WBEZ on Tuesday aired a report outlining how Rauner’s administration “engaged in a pattern of slow or incomplete public notification” of the original crisis, which killed 12 residents. State officials waited six days — even though they knew the epidemic was occurring — before notifying residents, families and the public, WBEZ reported.
WBEZ too outlined how Rauner’s former deputy press secretary, who now works for President Donald Trump’s administration, sent an email directing no public notification of the outbreak on Aug. 25, 2015 — four days after people began getting sick.
Pritzker pounced on the news, saying the governor must be held accountable.
“While Rauner’s own office tried to keep the Legionnaires’ crisis under wraps — delaying notification to the public and selectively releasing state records to the media — veterans, their spouses, and staff at the home continued to get sick and die on this failed governor’s watch,” Pritzker said in a statement. “Their families deserve justice, and Bruce Rauner must be held accountable.”
“This was a cover-up all along,” Pritzker said at a debate Wednesday night.
Rauner accused his Democratic rival of politicizing the crisis.
“Shame on you for politicizing the health concerns for our veterans,” Rauner responded.
Asked if his administration mismanaged the crisis, Rauner said “absolutely not.”
“We took action immediately to protect our veterans and our staff,” the governor said.
Illinois Republican Party Executive Director Travis Sterling issued a statement accusing Madigan of launching a “clearly partisan investigation.”
“This is nothing more than the politicization of the devastating deaths of Illinois veterans to distract from JB Pritzker’s scheme to defraud Illinois taxpayers hours before a debate,” Sterling said in a statement, referring to a Cook County inspector general’s report about a property tax break sought by Pritzker.
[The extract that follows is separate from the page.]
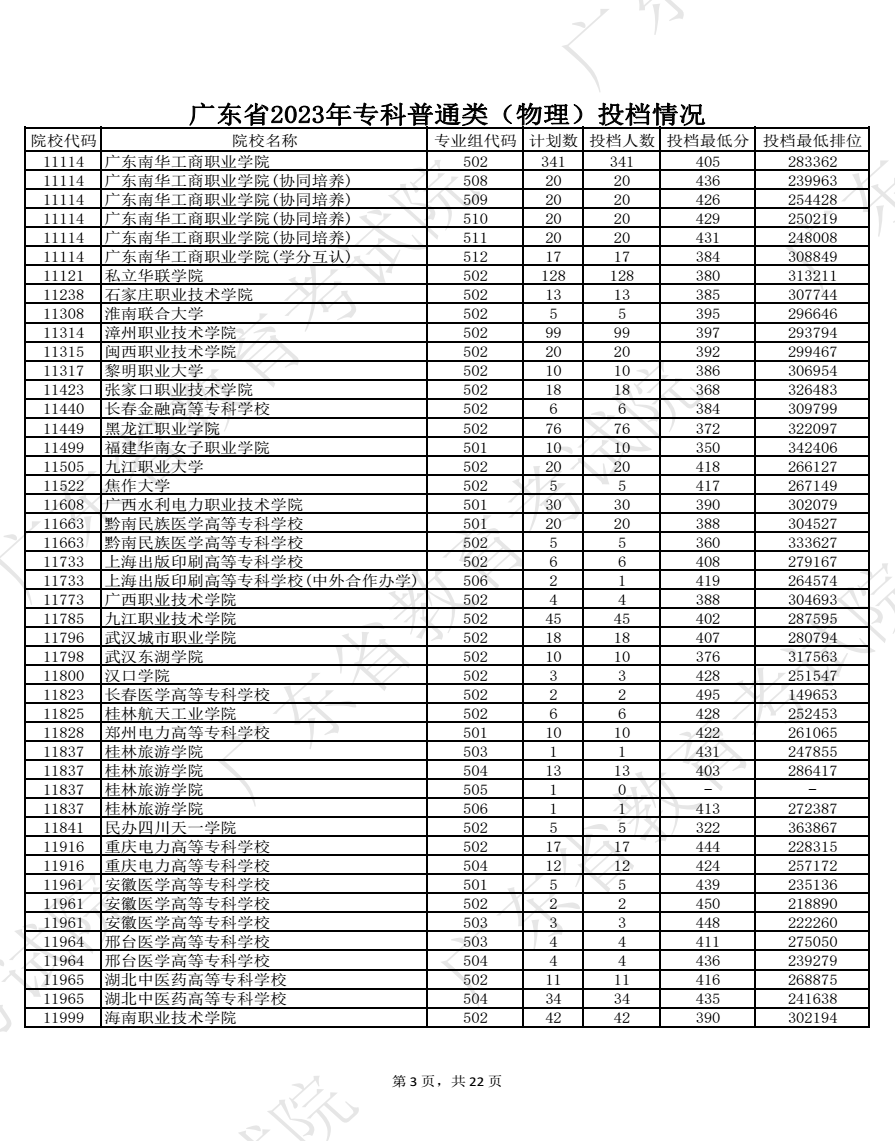 2023广东高考专科批院校投档分数线公布【物理】 2023广东高考专科批院校投档分数线公布【物理】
The Rauner administration released its own statement defending the health care provided to veterans and the information released about the process.
“The administration is focused on maintaining quality care for our veterans,” said Rauner spokeswoman Patty Schuh. “The state has been transparent in this process, providing hundreds of thousands of pages of documents to the General Assembly, to the Auditor General at the General Assembly’s request, and to the news media. The Departments of Veterans’ Affairs and Public Health have participated in dozens of hours of legislative public hearings.
“We provided a comprehensive public report to the General Assembly in April of 2018 which clearly outlines the administration’s swift and comprehensive response to the outbreak. We have regularly communicated with residents, staff, family members, and the general public throughout the past three years.”
Earlier Wednesday, State Sen. Tom Cullerton, D-Villa Park, called for a criminal inquiry into the deaths.
“This report confirms that the governor’s office deliberately delayed notifying families and the public of a deadly Legionnaires’ disease outbreak,” Cullerton said in a statement. “This goes beyond negligence. This is willful endangerment of a vulnerable population that is our sacred duty to protect. This is criminal neglect.
Cullerton is urging Madigan to consider criminal charges against Rauner and any other officials directly involved in the “decisions to conceal the truth.”
Cullerton noted in Michigan, Attorney General Bill Schuette brought charges against former city of Flint health officials regarding the Flint drinking water crisis. He called that a precedent.